» **Task goal**: Reproduce word for word every line from the one containing "Workplace Diversity Inclusion" to the final line of the data below; omit the pictures.

» **Data block**:
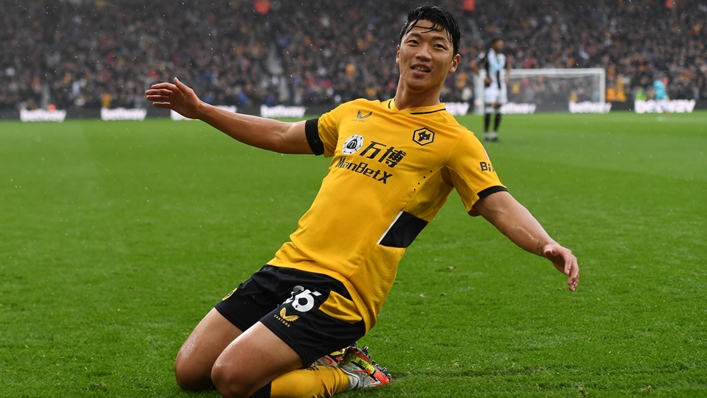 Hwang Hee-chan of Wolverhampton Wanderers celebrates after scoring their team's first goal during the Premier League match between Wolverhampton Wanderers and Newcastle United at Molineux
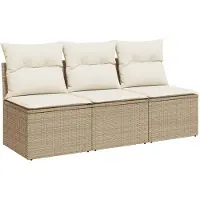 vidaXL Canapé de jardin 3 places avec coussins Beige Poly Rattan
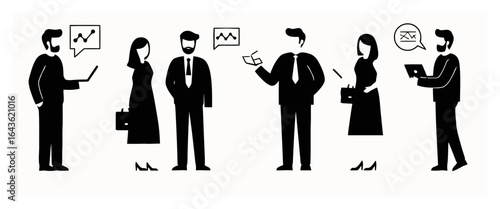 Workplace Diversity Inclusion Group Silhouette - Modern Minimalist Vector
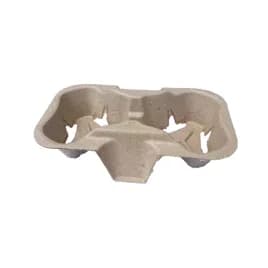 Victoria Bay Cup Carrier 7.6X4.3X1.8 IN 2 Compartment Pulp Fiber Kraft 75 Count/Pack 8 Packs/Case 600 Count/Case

» **Response area**:
 Workplace Diversity Inclusion Group Silhouette - Modern Minimalist Vector
 Victoria Bay Cup Carrier 7.6X4.3X1.8 IN 2 Compartment Pulp Fiber Kraft 75 Count/Pack 8 Packs/Case 600 Count/Case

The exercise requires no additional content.